THE LOST FOOTAGE OF LEAH SULLIVAN was written and directed by Burt Grinstead and follows the story of Leah Sullivan (Anna Stromberg), a college student who heads to her hometown to investigate the cold case murder of the Mulcahy family 30 years earlier. As she investigates, she meets up with a police officer Patrick Rook (Grinstead), the brother of an old schoolmate, who helps her investigate. The home, where the murders took place, remains empty and abandoned, although there seems to be a lot of sound coming from a home that’s been empty for 3 decades. As Leah interviews locals and talks Patrick into letting her read the cold case file, she begins to notice the deaths and disappearances around the abandoned home didn’t end with the Mulcahy family but has persisted for 30 years. With that knowledge, Leah gets stars in her eyes and sees more than just a college project. She thinks she can get international recognition for solving a cold case file, but you know what they say….curiosity killed the cat. 

Taking reference from films like Paranormal Activity, these types of found footage films have a heavy focus on building tension before a big finale but sometimes the lead up can be a bit too slow and boring but the film ends with a bang. THE LOST FOOTAGE OF LEAH SULLIVAN is the exact opposite. The best parts of the film are all in the lead up with a rather disappointing finale. The interviews and the interactions between Leah, Patrick and the people participating in the film is very realistic and at times really funny. The scary beats are small but effective but I found as the film crescendoed to its height that the earlier stuff was better.

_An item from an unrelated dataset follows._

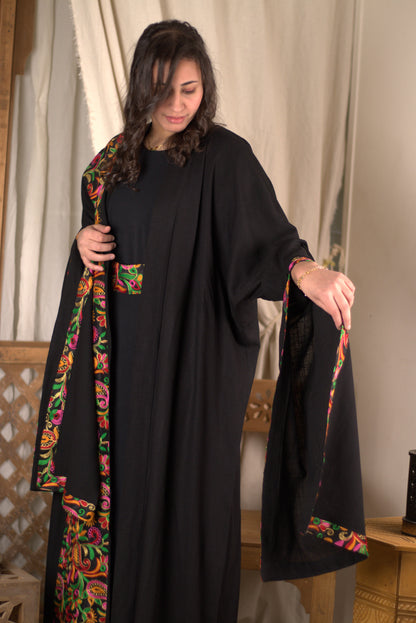 Colorful Shawl Kaftan Long Sleeve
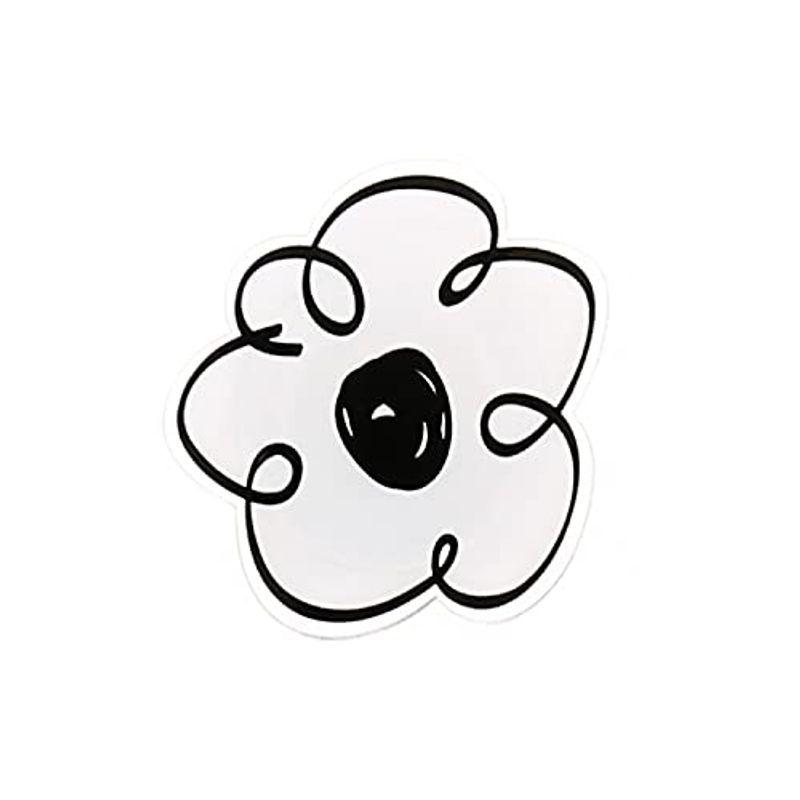 スマホグリップ 韓国 花 イラストフラワー グリップトック シンプル かわいい おしゃれ スマホスタンド Griptok 落下防止 ホワイ Meliashop Yahoo 店 通販 Yahoo ショッピング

All in all, THE LOST FOOTAGE OF LEAH SULLIVAN is a good watch. It doesn’t overstay its welcome and the scares aren’t over top. I appreciate when a horror film, especially a found footage film, doesn’t rely on jump scares to drive it forward. Found footage movies are supposed to feel real and put the audience behind the camera and this movie does that well. While the ending leaves a lot to be desired, the ride leading up to it is worth the time.